In essence, it is rather ironic for anybody to smugly suppose that a government that has made it a major cornerstone of its development agenda of packing Ghana chock-full with Saudi-born Yemeni terrorists is really interested in protecting its citizens against any acts of violence generated or perpetrated by such pathologically anti-Christian terrorist organizations as ISIS/ISIL, Taliban and Al-Qaeda. More poignantly stated, the Eavesdropping Bill would make far better sense if it was primarily and specifically targeted against the secretive and disdainful President Mahama and his cabinet of deliberately waffling congenital liars and, perhaps, even the entire parliamentary contingent of the ruling National Democratic Congress. And on the latter score ought to be underscored the fact that the incontrovertibly grave decision to resettle Messrs. Bin-Atef and Al-Dhuby in the country was deliberately undertaken by President Mahama on the blind side of both Ghana’s Parliament and the electorate at large.

In other words, what we have here is a bizarre – to speak much less about the patently criminal – case of Ghanaians being offensively and outrageously punished for naively allowing themselves to be taken for granted, or a ride, by being abjectly disrespected by their elected officials and leaders. On the latter score, Ghanaians could be aptly described as a people who have our priorities in reverse. In sum, if Ghanaians were that jealous of our hard-fought and won liberties, we would be preparing to impeach and throw out President Mahama and his cabinet as soon as this ill-intentioned bill that is squarely aimed at returning us to a neocolonialist political culture is passed and enacted into law.

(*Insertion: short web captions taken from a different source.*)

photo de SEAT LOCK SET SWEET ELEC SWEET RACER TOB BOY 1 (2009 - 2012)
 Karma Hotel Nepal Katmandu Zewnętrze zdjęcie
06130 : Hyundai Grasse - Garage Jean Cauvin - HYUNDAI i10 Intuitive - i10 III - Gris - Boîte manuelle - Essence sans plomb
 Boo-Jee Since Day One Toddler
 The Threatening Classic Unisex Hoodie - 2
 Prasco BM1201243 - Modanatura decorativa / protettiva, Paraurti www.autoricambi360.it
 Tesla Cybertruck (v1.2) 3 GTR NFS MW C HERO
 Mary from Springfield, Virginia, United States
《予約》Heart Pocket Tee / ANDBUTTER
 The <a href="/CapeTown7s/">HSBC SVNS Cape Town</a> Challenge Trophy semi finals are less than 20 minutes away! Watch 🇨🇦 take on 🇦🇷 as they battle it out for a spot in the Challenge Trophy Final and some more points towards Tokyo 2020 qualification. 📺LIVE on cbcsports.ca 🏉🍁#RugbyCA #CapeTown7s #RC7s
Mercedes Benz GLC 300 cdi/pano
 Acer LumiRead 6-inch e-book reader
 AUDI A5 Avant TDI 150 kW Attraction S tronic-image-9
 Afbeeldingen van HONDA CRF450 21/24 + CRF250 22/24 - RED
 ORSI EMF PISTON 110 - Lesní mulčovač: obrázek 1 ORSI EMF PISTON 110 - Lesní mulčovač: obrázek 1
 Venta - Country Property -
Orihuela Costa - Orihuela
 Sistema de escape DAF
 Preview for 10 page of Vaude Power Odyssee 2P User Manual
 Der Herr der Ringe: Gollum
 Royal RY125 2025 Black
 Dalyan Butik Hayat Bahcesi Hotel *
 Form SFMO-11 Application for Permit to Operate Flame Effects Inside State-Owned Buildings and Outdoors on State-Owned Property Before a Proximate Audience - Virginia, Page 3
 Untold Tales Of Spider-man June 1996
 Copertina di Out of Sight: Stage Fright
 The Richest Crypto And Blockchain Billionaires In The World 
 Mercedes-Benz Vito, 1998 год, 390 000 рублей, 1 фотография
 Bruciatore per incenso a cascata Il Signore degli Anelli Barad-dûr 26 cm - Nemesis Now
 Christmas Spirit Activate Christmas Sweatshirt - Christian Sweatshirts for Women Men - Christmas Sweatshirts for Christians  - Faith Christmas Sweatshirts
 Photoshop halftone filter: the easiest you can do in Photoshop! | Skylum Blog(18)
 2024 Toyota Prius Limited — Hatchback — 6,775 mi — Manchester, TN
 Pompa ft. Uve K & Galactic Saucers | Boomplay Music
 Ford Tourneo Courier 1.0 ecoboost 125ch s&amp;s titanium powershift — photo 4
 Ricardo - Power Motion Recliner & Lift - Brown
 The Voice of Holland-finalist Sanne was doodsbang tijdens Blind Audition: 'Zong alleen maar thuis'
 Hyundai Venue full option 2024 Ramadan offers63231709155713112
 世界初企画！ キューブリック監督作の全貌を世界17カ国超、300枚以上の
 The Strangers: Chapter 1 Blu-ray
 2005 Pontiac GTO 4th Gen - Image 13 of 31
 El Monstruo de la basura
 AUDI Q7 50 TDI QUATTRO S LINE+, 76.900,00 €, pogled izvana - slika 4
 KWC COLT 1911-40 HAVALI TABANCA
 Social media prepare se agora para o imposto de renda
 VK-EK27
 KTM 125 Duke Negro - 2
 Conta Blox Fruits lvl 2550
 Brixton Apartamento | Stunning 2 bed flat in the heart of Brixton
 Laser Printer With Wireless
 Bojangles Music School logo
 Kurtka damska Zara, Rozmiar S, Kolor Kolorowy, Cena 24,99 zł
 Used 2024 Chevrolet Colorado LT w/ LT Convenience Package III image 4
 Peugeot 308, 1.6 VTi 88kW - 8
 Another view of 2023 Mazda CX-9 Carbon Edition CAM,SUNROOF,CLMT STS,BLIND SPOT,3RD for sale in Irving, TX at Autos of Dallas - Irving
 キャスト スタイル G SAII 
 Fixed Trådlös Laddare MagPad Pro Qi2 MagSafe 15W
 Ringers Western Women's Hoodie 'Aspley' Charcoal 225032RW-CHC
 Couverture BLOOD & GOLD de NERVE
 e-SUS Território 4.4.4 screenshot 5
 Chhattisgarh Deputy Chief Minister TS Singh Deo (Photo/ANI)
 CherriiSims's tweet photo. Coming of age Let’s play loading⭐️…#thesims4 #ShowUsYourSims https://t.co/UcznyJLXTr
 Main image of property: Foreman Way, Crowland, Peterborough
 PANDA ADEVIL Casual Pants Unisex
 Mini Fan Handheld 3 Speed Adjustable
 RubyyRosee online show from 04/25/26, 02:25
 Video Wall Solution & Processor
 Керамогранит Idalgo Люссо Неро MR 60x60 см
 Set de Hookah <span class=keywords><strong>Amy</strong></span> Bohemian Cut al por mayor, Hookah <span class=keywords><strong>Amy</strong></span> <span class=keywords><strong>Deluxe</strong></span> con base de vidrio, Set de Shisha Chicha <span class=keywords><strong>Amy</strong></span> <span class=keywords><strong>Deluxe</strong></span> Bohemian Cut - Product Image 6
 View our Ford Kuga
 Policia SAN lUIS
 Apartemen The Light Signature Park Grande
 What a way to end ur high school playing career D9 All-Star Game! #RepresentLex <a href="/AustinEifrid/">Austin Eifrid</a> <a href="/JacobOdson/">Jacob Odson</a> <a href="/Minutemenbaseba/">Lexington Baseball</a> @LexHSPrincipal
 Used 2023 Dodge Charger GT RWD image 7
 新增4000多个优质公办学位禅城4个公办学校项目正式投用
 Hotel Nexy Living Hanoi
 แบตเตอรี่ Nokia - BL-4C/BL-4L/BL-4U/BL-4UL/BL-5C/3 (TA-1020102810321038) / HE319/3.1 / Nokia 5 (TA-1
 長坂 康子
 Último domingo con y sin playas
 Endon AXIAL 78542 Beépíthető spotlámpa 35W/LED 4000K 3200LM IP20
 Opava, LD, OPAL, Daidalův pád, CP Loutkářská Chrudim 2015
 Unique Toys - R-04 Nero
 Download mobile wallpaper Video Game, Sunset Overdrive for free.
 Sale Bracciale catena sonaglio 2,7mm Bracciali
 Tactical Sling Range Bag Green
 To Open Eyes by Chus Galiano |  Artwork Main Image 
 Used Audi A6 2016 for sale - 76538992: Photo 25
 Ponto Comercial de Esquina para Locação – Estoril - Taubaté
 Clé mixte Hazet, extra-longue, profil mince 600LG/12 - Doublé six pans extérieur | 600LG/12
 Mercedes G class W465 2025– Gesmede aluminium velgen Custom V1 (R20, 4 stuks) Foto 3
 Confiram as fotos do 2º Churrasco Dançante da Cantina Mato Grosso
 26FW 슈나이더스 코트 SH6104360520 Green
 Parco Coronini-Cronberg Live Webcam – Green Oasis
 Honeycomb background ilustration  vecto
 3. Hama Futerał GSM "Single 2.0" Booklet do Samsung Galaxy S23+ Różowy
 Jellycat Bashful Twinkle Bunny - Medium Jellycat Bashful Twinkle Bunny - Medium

On the question of us citizens’ protection against narcotic drug-trafficking, the very fact that Ms. Nayele Ametefe was able to board a British Airways flight to London, some two years ago, through the VVIP or Presidential Lounge at the Kotoka International Airport, with the full support, guidance and protection of our national security operatives, ought to inform Ghanaians, in no uncertain terms, that it is the Mahama government, and not themselves, which they need to be protected from, rather than naively expecting to be protected by the very government of the National Democratic Congress that has been secretly collaborating with foreign agents and their assigns to callously, viciously and unconscionably endanger our lives.

The question of money laundering has the same shade and coloration as that of drug-trafficking, which is that only rich and powerful politicians and their associates have been known to be studiously engaged in this most economically exploitative and immitigably unpatriotic act of criminality. And so what is all this bunk talk about the protection of the general Ghanaian public when, in reality, this bill is fundamentally about the drastic abridgement of our freedom of expression and our inalienable right to dialogical privacy? Then also, how protective is this flagrantly devious backdoor attempt to reintroduce the Akufo-Addo-crafted and implemented savvy proscription of the Criminal Libel Law?

The good news here is that now Ghanaians have a clear-cut choice, going into Election 2016, between their certain return to the slavo-colonial days, as starkly and unabashedly represented by President John Dramani Mahama and his so-called government of the National Democratic Congress, on the one hand, and governance in freedom and prosperity under an Akufo-Addo leadership come January 2017, on the other.